Hugh Hendry writing at the Telegraph admits that China's economic growth is impressive; but he wonders if GDP growth based on goverment-mandated bank loans, as a substitute for contracting exports, is sustainable growth.
However, the composition of China's growth has undergone a potentially treacherous change: in the absence of expanding foreign demand for its exports, it has instead come to rely on a massive surge in domestic bank lending to fuel its growth rate.
Indeed, when measured relative to the size of its economy, the 27pc point jump in bank loans to GDP is unprecedented; at no point in history has a nation ever attempted such an incredible increase in state-directed bank lending.
What a turnaround: from an export juggernaut to a credit addict. Who would have thought it necessary back in 2001, the year everything all started to work out for China?
There is quite a struggle of ideas being waged in the intellectual community about China's wisdom, current intelligence, and inevitable beheamoth status as SUPER SUPER-POWER. Some believe in China; some don't. Some believe China and India are on the verge of dominating world markets for centuries. Some wonder if China and India are merely economic bubbles -- the latest in quite a line -- being manufactured for the sake of international capital.
Some believe China is America in the 1800's...a new giant learning how to walk, destined to dominate the world's economy (and, some argue, the world's political and military picture) for many centuries to come. Others argue that China lacks a flexible administration that will allow cultural, political and economic growth to occur, qualities that a true Super Power must develop. We remember, of course, that economic empires are not the exclusive province of political democracies. Where wealth and large militaries are present, empires tend to follow.

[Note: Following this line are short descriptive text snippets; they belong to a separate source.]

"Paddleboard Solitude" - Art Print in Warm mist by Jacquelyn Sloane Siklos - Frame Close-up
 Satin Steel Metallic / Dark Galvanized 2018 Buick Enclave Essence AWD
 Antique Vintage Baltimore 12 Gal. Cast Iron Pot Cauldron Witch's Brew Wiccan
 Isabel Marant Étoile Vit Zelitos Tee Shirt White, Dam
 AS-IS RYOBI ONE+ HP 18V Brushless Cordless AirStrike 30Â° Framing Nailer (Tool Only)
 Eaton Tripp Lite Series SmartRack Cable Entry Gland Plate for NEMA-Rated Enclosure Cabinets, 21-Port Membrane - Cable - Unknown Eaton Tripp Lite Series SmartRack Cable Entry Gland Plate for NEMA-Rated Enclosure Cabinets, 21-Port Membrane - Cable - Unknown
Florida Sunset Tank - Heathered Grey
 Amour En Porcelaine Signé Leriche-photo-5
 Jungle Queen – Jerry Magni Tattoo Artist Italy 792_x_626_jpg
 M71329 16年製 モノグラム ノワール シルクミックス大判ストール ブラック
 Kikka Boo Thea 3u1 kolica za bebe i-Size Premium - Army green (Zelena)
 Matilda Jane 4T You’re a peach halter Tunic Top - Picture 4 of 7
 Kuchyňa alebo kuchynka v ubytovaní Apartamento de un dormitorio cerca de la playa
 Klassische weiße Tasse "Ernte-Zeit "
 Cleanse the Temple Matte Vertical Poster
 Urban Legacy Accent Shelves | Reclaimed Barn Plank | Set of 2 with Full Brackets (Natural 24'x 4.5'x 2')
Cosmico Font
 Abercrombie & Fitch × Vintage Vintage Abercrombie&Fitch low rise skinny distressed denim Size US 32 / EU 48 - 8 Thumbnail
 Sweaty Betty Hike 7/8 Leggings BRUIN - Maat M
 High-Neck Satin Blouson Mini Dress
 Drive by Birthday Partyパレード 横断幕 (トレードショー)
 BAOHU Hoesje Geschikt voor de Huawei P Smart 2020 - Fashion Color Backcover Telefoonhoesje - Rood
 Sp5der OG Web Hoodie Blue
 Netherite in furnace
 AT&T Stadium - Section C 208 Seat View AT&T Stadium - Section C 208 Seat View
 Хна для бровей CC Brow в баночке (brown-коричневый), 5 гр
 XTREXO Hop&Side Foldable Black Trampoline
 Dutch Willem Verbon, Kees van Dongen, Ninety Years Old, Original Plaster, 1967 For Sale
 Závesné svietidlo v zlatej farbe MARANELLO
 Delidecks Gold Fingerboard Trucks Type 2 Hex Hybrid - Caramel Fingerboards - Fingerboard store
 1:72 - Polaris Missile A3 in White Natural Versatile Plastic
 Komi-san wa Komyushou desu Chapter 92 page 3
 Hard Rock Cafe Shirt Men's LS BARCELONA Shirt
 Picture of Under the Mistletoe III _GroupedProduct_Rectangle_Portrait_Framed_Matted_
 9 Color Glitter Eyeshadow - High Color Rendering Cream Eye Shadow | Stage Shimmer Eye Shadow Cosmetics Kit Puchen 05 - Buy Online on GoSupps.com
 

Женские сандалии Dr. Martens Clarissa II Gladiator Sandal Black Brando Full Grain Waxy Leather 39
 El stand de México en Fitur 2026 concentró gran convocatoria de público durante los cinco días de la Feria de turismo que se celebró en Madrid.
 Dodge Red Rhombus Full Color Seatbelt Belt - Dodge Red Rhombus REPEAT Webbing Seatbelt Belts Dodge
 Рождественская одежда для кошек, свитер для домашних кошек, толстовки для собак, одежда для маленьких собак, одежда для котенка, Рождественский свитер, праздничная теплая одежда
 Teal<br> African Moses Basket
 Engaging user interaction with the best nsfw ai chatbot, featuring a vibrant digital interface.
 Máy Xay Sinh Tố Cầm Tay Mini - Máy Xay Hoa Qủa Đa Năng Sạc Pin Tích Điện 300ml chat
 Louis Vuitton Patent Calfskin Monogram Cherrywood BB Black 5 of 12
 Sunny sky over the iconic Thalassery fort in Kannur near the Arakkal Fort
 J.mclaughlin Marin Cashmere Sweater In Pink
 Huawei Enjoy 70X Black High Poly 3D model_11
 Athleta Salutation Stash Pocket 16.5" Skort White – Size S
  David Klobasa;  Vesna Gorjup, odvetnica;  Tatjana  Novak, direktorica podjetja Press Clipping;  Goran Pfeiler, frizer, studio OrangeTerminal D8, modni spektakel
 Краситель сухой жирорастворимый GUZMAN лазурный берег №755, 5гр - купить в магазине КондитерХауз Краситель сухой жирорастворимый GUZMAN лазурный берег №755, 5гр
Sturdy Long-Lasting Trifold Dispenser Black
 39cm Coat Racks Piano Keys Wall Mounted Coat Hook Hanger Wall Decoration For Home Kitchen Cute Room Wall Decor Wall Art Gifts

But is China's growth today, astounding as it seems, real? In fact, is any country's growth -- as measure by GDP -- a picture of actual economic growth or just a picture of activity as opposed to wealth-generating activity? Job-creation seems to be a much better gauge of an economy's relative health.
Hendry suggests that China's GDP growth reflects a credit bubble instead of an expanding economy. He continues:
The ancient ethical system of Confucius is silent on the subject of modernisation. There is no proverb counselling that "wise men not invest in over-capacity". Perhaps there should be: in China, investment spending has tripled since 2001 and the consequences are staggering. A country that represents just 7pc of global GDP is now responsible for 30pc of global aluminum consumption, 47pc of global steel consumption and 40pc of global copper consumption. The overriding problem is that the Chinese model leads to a deflationary spiral that is perpetual in nature. Domestic consumption never grows fast enough to absorb the supply, prompting the planners to commit to ever-higher levels of investment. Over-capacity inevitably plagues many sectors of the economy and Chinese profitability is already low.
Remember, it is one thing to create economic growth, but it is another thing to truly create wealth. If I commit to building a new commercial property in Shanghai I will undoubtedly contribute to GDP growth. However, if I have no tenants and the city already has a vacancy rate of 20pc, then I am probably destroying wealth.